• Records shown:
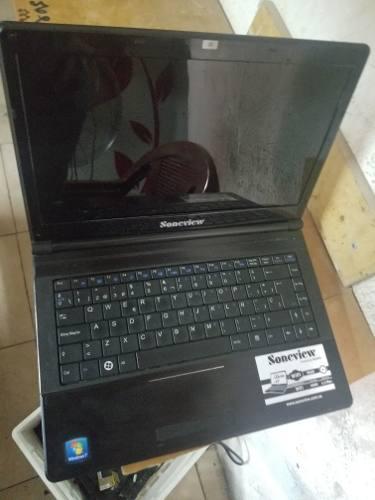 Laptop Soneview N1400 (repuestos)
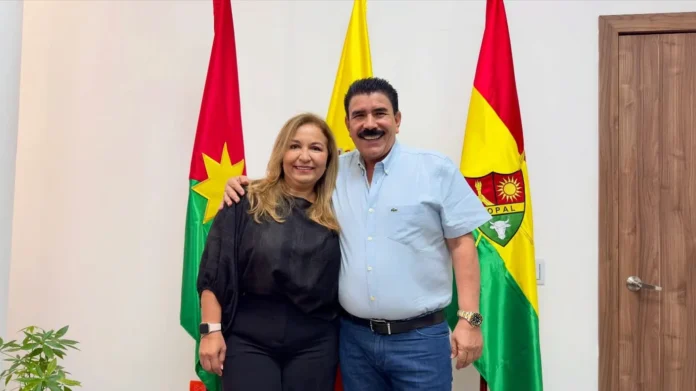 Narda Perilla Torres del Silencio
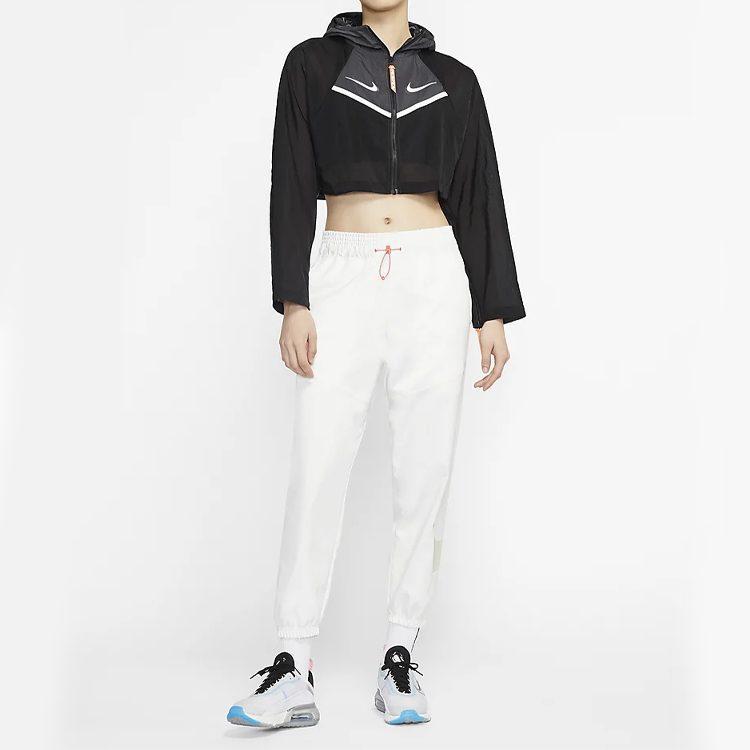 Nike Jackets Women's Black Hooded Thin Other CT0765-010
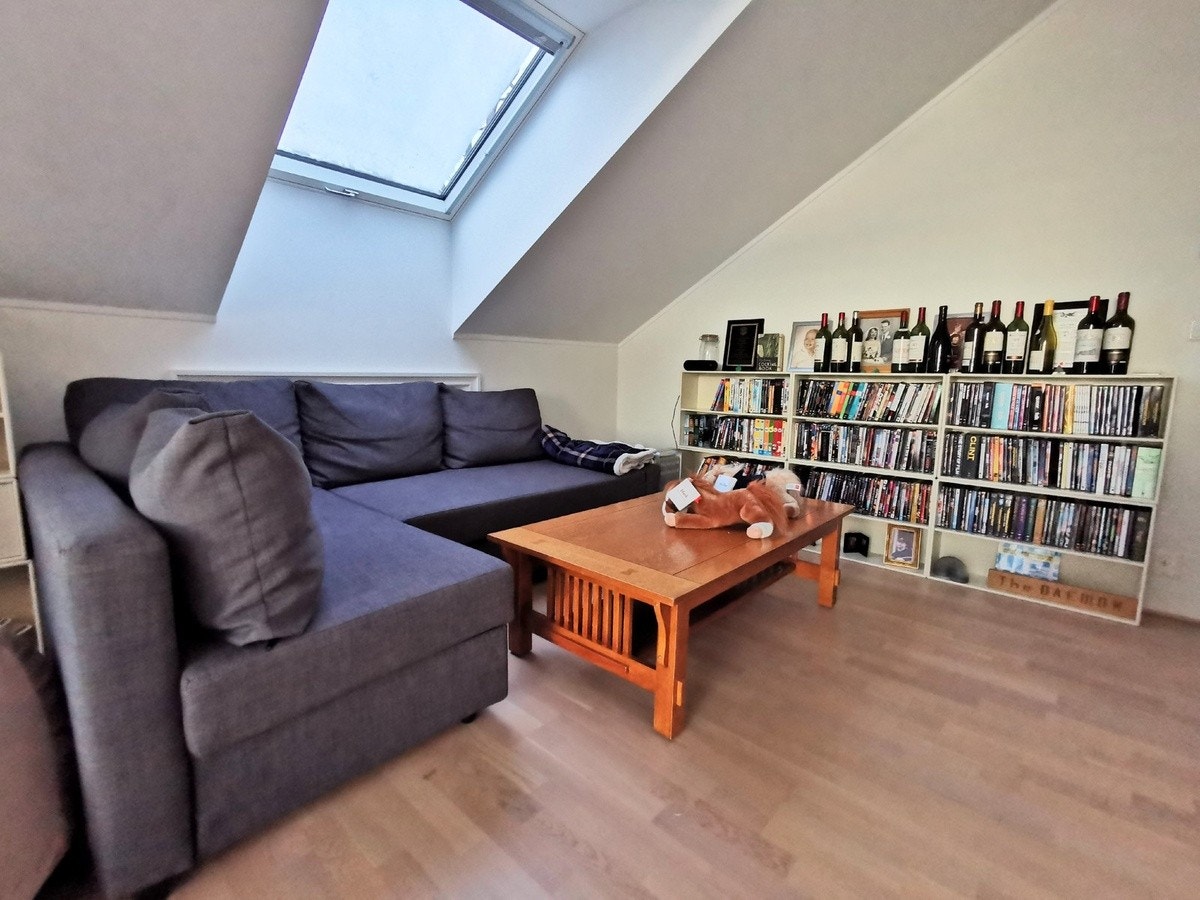 Extended stue lounge Galleribilde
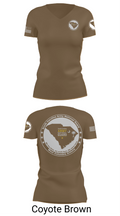 Bravo 3 55886317 Women's Short Sleeve V-neck Shirt - 8
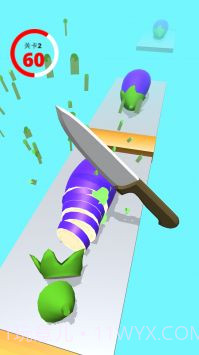 快刀切果果截图1 快刀切果果截图1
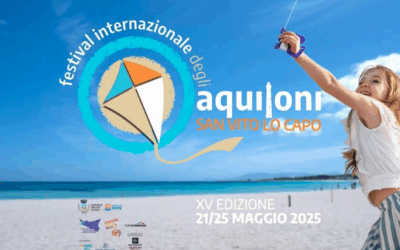San Vito Lo Capo (TP): Festival degli aquiloni – 21/25 maggio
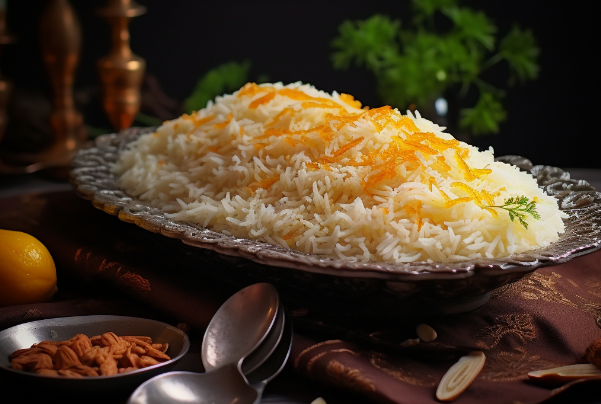 Basmati Rice 10kg Health Boosterss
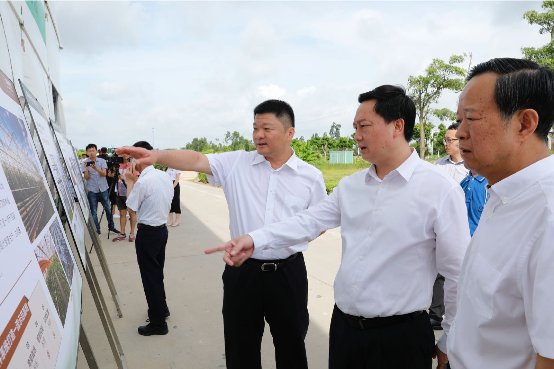 港珠澳現(xiàn)代農(nóng)業(yè)示范園正式動工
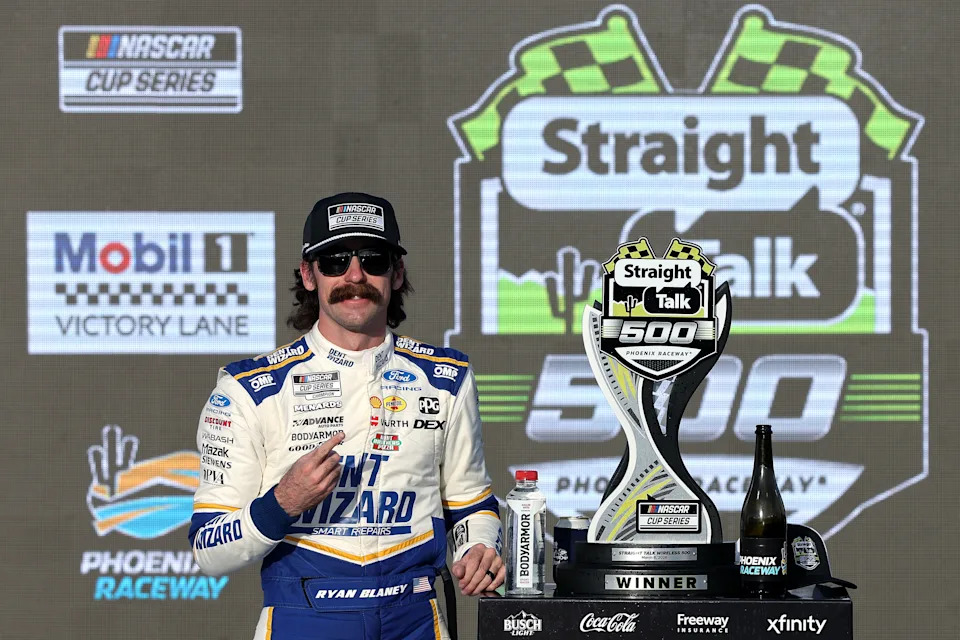 Tyler Reddick joins elite group with Goodyear 400 victory in Darlington Tyler Reddick joins elite group with Goodyear 400 victory in Darlington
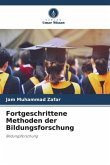 Fortgeschrittene Methoden der Bildungsforschung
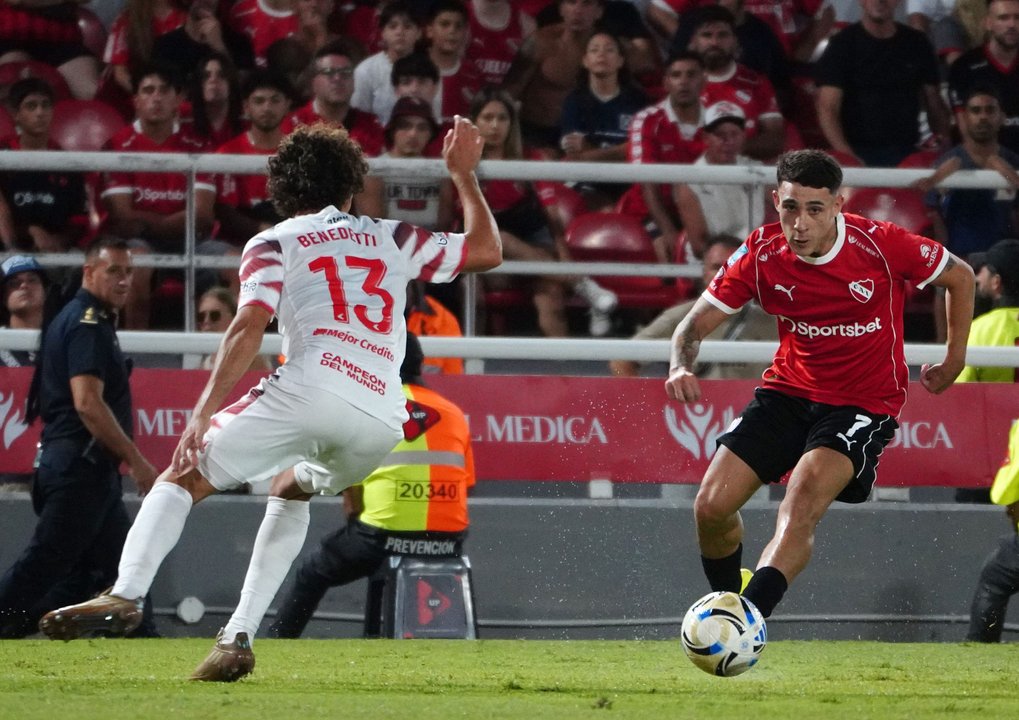 Independiente visita a Platense por el Torneo Apertura
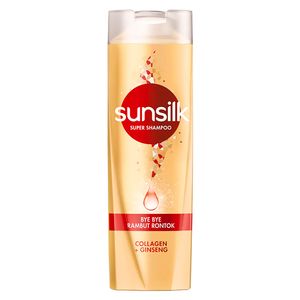 Cek Bpom Sunsilk Collagen & Ginseng Shampoo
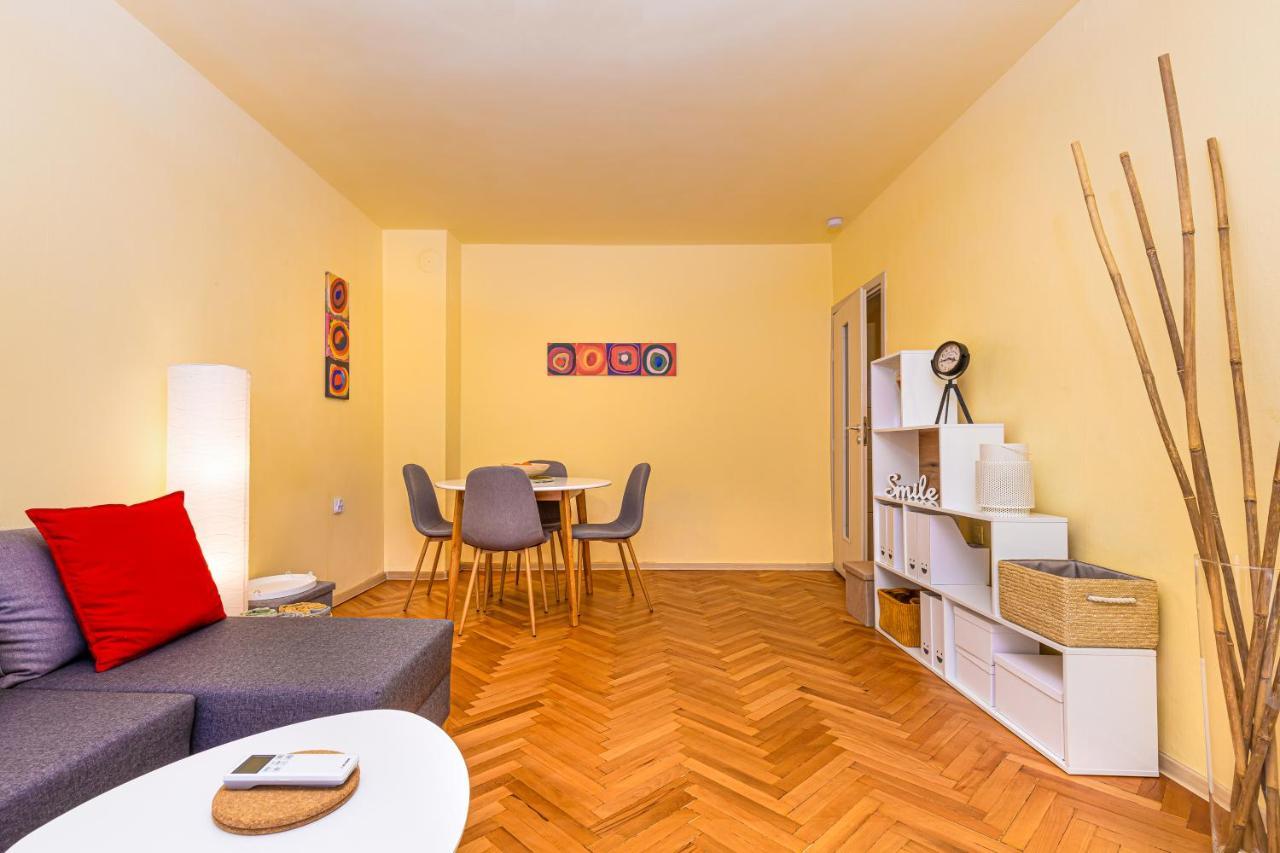 The Cozy Home 1-Bedroom In Central Plovdiv By Flat Mаnager Bagian luar foto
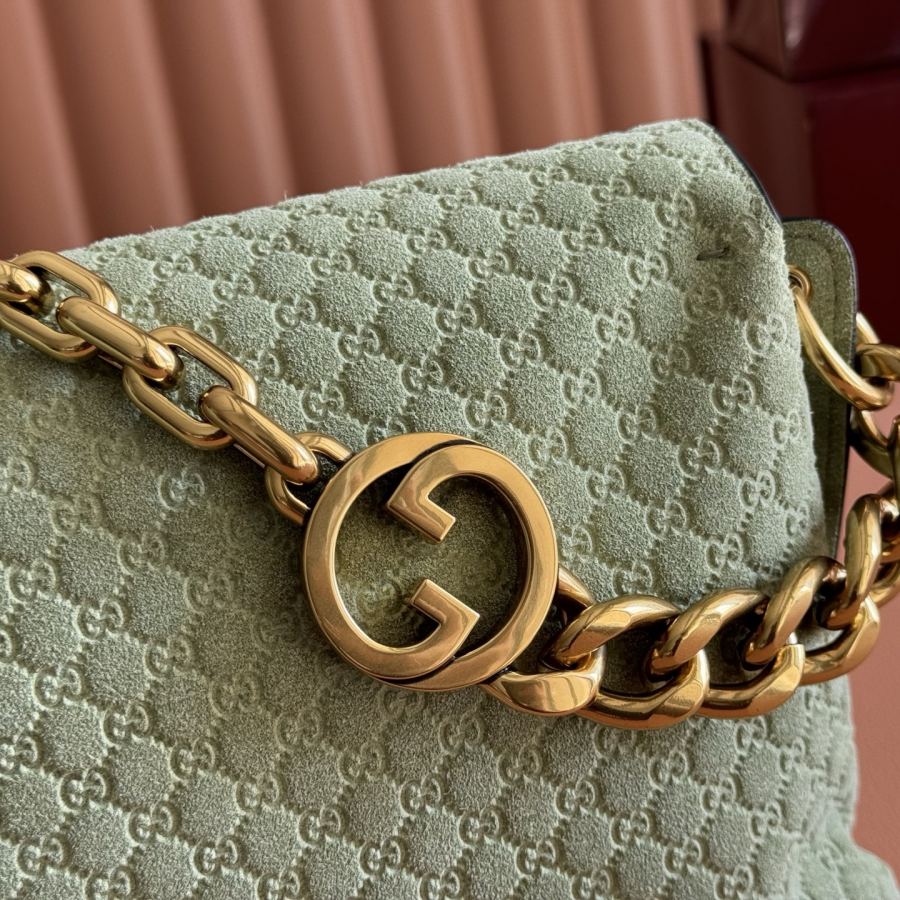 1:1 Replica Gucci bag G Gold 2 — AAA Quality Replica — photo 6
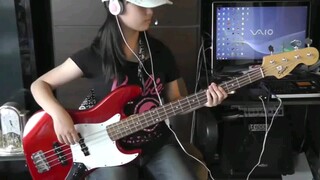 Music|Bass|Japanese Music Cover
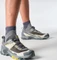 Salomon X Ultra 5 monument/turbulence/spicy mustard (Herren) Vorschaubild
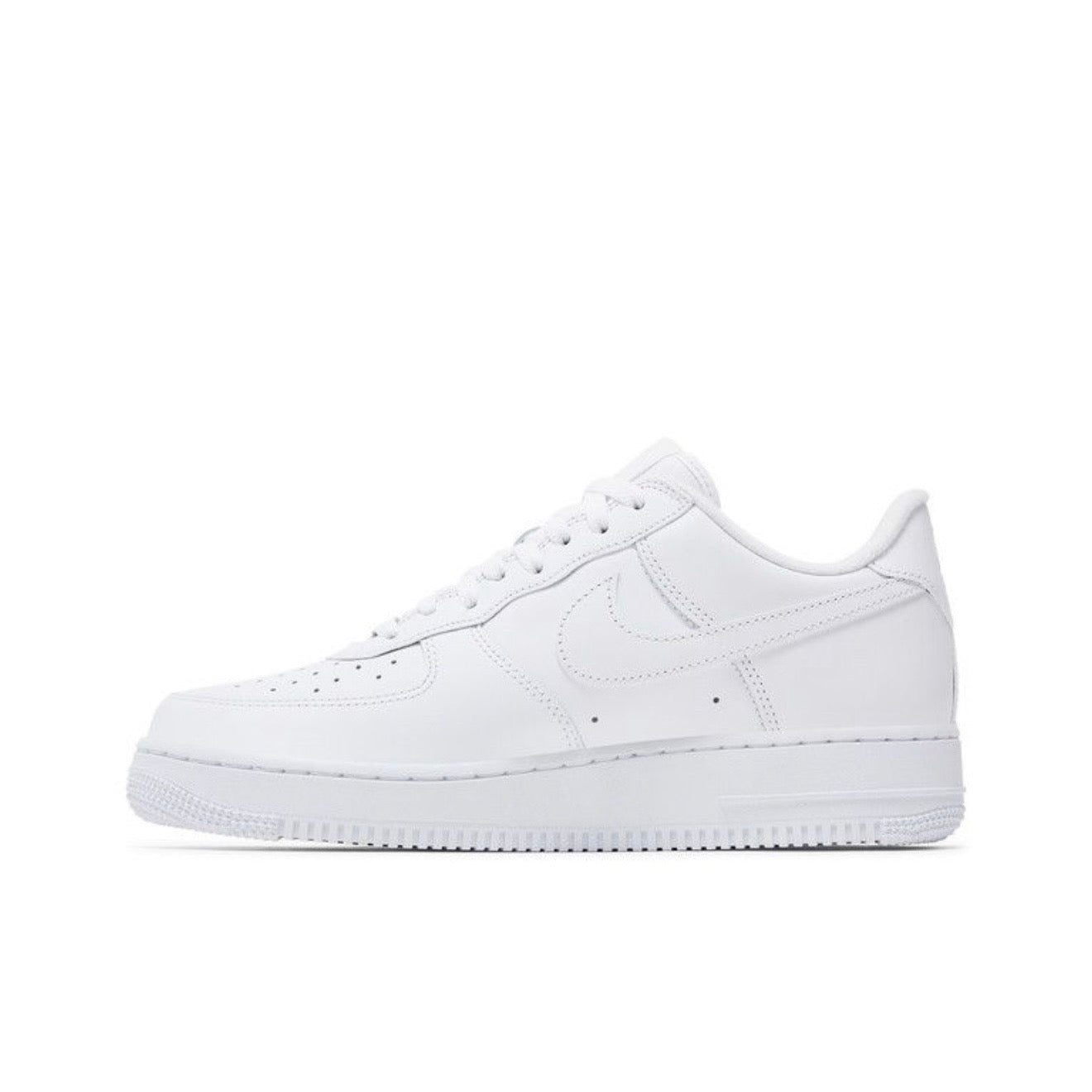 Nike AF1 Low x Supreme Box Logo White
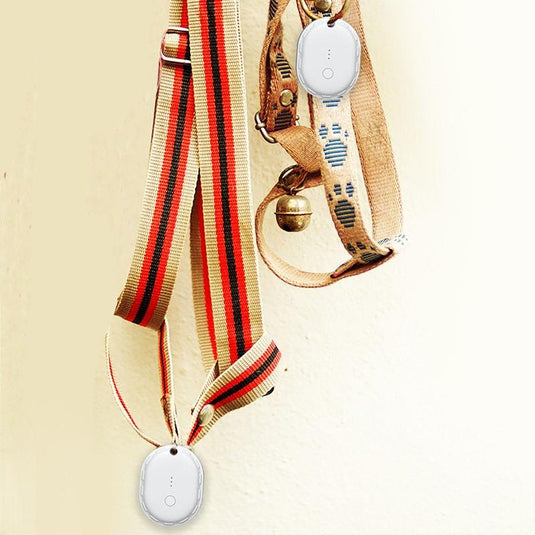 Laser Mini Travel Smart Tag White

• Work required:
Please, without any pictures, write out exactly the lines of the listing from its first line through the line that holds "The Cozy Home", ends included, and nothing beyond them.

• Your response:
 Laptop Soneview N1400 (repuestos)
 Narda Perilla Torres del Silencio
 Nike Jackets Women's Black Hooded Thin Other CT0765-010
 Extended stue lounge Galleribilde
 Bravo 3 55886317 Women's Short Sleeve V-neck Shirt - 8
 快刀切果果截图1 快刀切果果截图1
San Vito Lo Capo (TP): Festival degli aquiloni – 21/25 maggio
 Basmati Rice 10kg Health Boosterss
 港珠澳現(xiàn)代農(nóng)業(yè)示范園正式動工
 Tyler Reddick joins elite group with Goodyear 400 victory in Darlington Tyler Reddick joins elite group with Goodyear 400 victory in Darlington
 Fortgeschrittene Methoden der Bildungsforschung
 Independiente visita a Platense por el Torneo Apertura
 Cek Bpom Sunsilk Collagen & Ginseng Shampoo
 The Cozy Home 1-Bedroom In Central Plovdiv By Flat Mаnager Bagian luar foto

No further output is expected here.